Ya entre los 16 y los 18 llega el momento en que puede iniciarse la participación en competencias deportivas, teniendo siempre en cuenta el grado de preparación
física.
Existen, lamentablemente, muchos sistemas escolares en los que la educación física ocupa un lugar secundario, e incluso la participación del alumno es muy pobre.
Es aconsejable dar a la educación física escolar mucha importancia y escoger con precisión los deportes que mejor pueden responder a las necesidades físicas y
mentales de los escolares.
El médico debe cuidar que esta educación corresponda en cada caso, al estado físico y mental del alumno; observar los casos de incapacidad y los síntomas de
tensión o esfuerzo excesivo. También debe decidir, desde el punto de vista de la salud de la población escolar, la forma y el alcance que convenga dar a los entrenamientos.
Realmente sería de buena práctica, que cada niño tuviera una ficha médica que lo acompañara durante todo el período escolar. Donde se vea reflejada la evolución del sistema circulatorio,
respiratorio y neuromuscular, en los distintos períodos frente a esfuerzos graduados.
Todos los niños deberían participar en las actividades.
¡La educación física no es sólo una asignatura escolar más!

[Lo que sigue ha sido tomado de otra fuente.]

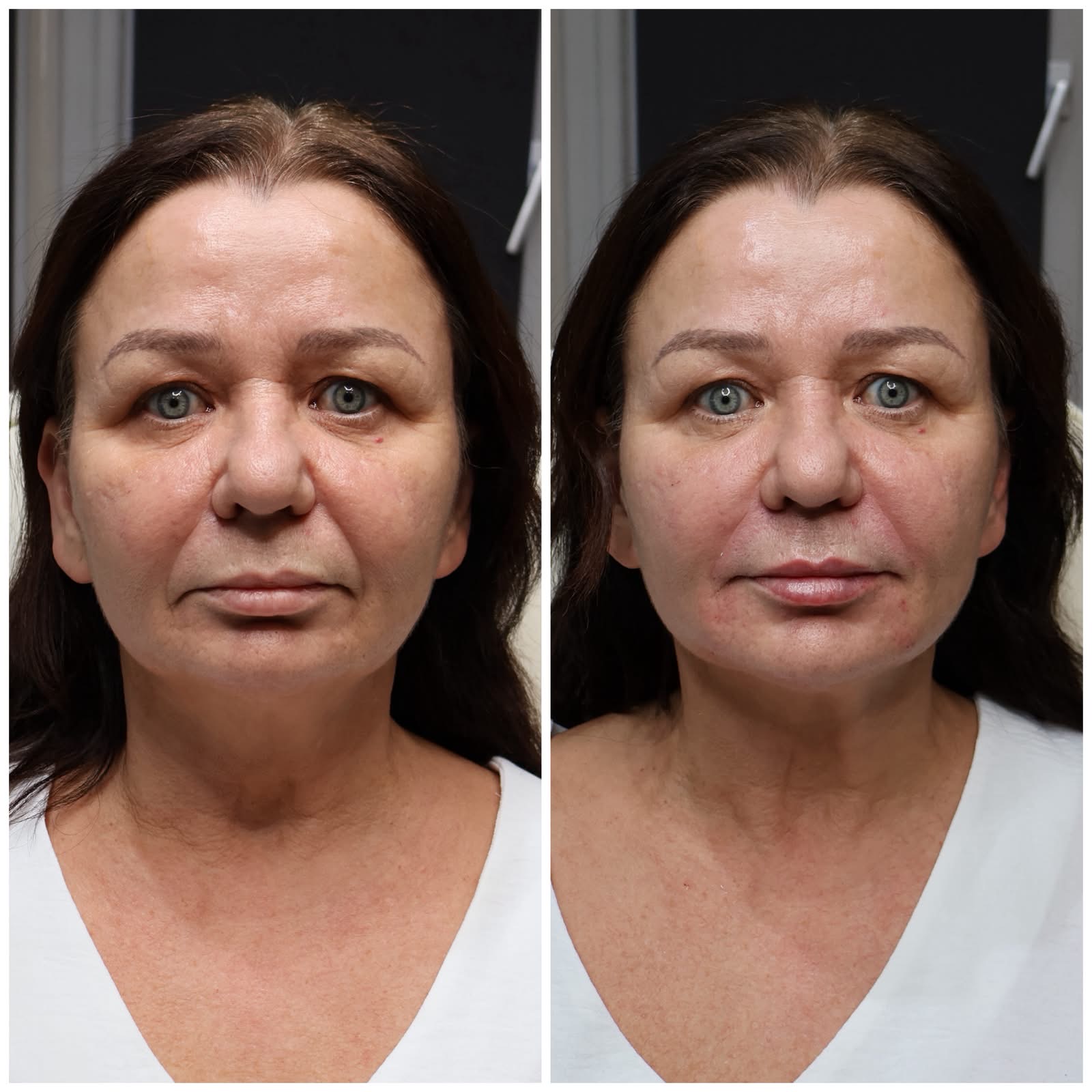 Before and after aesthetic treatment result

Los buenos principios dietéticos y de higiene personal son más fáciles de inculcar en los jóvenes que se interesen por el
atletismo. Incluso renunciar al tabaco y el alcohol para mejorar la condición física.
El modo de compensar las desventajas de la vida sedentaria y de favorecer la buena salud y la disminución de los factores de riesgo de múltiples enfermedades de
la edad adulta, debe aprenderse desde los primeros años de vida.